Intended as a sop to those who oppose the international movement which calls for boycott, divestment, and sanctions (BDS) against Israel to protest the occupation, the words "or in Israeli-controlled territories" manage not only to erase the international border that exists between the sovereign state of Israel and Palestinian lands, but also to build common cause with the very boycotters at whom Congress hopes to thumb its nose.
The BDS movement has no central headquarters, no single leader or spokesman, and is supported by many different people, some of whom seek peace and justice and others of whom seek the eventual erasure of Israel from the map. As an American-Israeli, I don't support BDS for a variety of reasons, but have personally boycotted the settlements and settlement goods since the late 1980s.
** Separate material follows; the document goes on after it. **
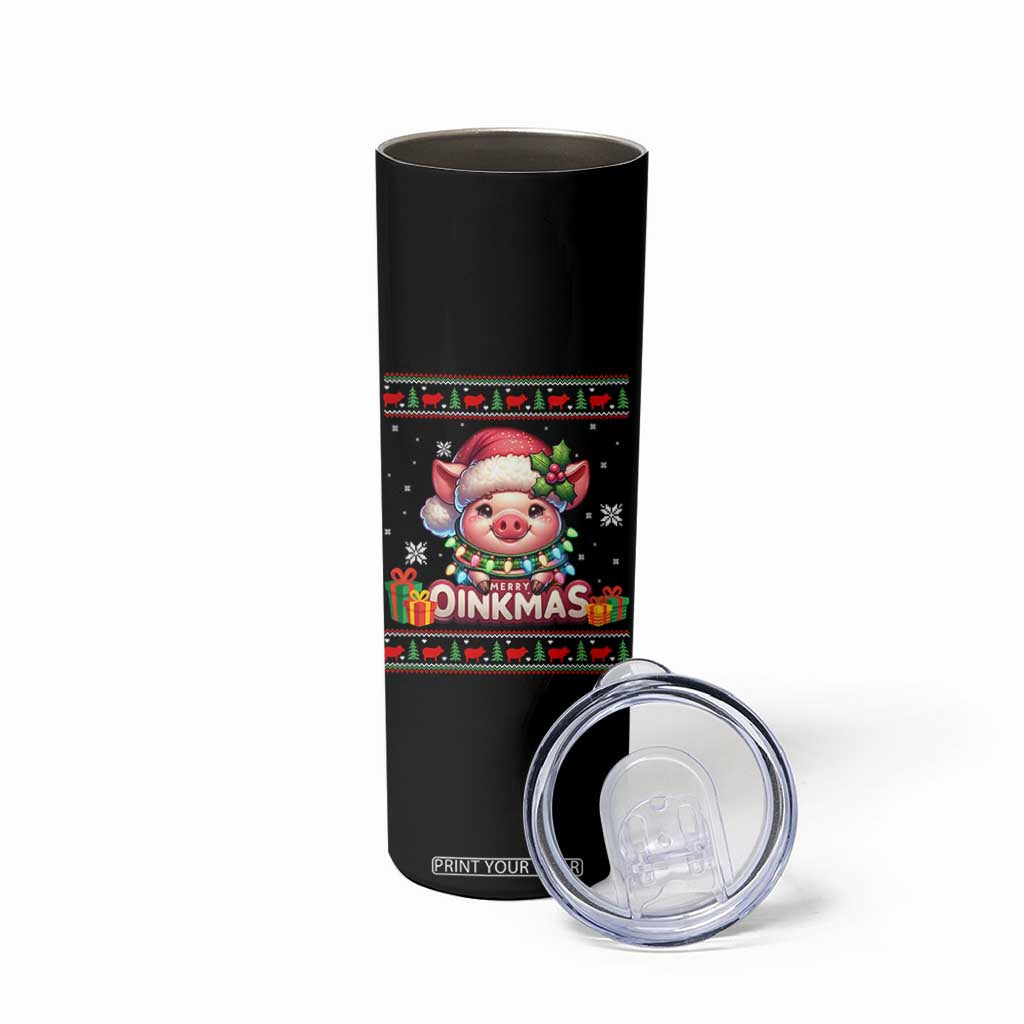 Funny Merry Oinkmas Skinny Tumbler Pig Lover Ugly Christmas Gift TS12 Print Your Wear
Settlements are what stand — both metaphorically and literally — between Israel and a workable, durable two-state solution. In this, they are filling their intended role. After a lifetime of advocating for the peaceful establishment of a viable Palestinian state alongside a secure Israel, I cannot in good conscience give my money to the very people whose goal is to prevent that from ever happening.
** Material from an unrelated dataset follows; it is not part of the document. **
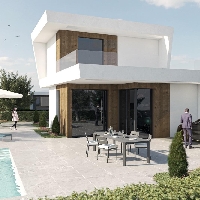 Villa de nueva construcción de 3 dormitorios con piscina privada y vistas a la montaña en campo de golf(Murcia)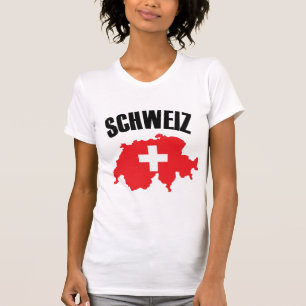 Schweiz Switzerland Map Flag T-Shirt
One of the primary reasons that I don't support the much broader BDS movement, however, is that it fails to differentiate between that which is legally Israel and that which is not. Israeli academics from Tel Aviv are blacklisted alongside those who made the political decision to live on militarily-occupied land; goods produced in Haifa are rejected alongside those made in any of the roughly 1,000 settlement factories spread across the West Bank.
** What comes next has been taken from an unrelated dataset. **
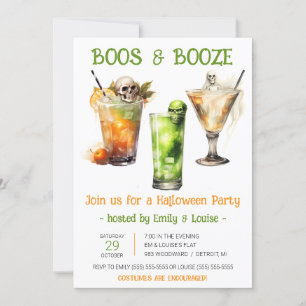Halloween Cocktails, Boos & Booze Halloween-Party Einladung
The U.S. is right to support its allies' industry and oppose boycotts of its allies' legal activities (the word "ally" loses much of its meaning, otherwise) — but the "Israeli-controlled territories" so quietly slipped into this piece of legislation refers not to the state of Israel, but to activities carried out in violation of international law across Israel's border, under military occupation.
The much maligned and long-denied two-state solution is also official American policy — successive administrations have spent millions of dollars and probably millions of hours attempting to facilitate a resolution of the conflict that will allow each side to live in peace and dignity in its own sovereign state. The settlements — more than 200 of them, scattered across a slice of territory that’s smaller than Delaware, connected by roads that only Israelis may use, and secured by the Middle East’s most powerful military — are a literal and quite physical impediment to the possibility of achieving anything remotely like a two-state solution.
So now our senators must decide: Do they support the foreign policy and goals of the nation they serve, or do they seek to give a stamp of approval to illegal activity which will render those policies and goals impossible to achieve, for their own domestic political gain? I call on them to do the former.
But perhaps I'm naïve. After all, if the U.S. had ever been serious about opposing the Israeli occupation or its settlements, we probably wouldn't be having this discussion in the first place.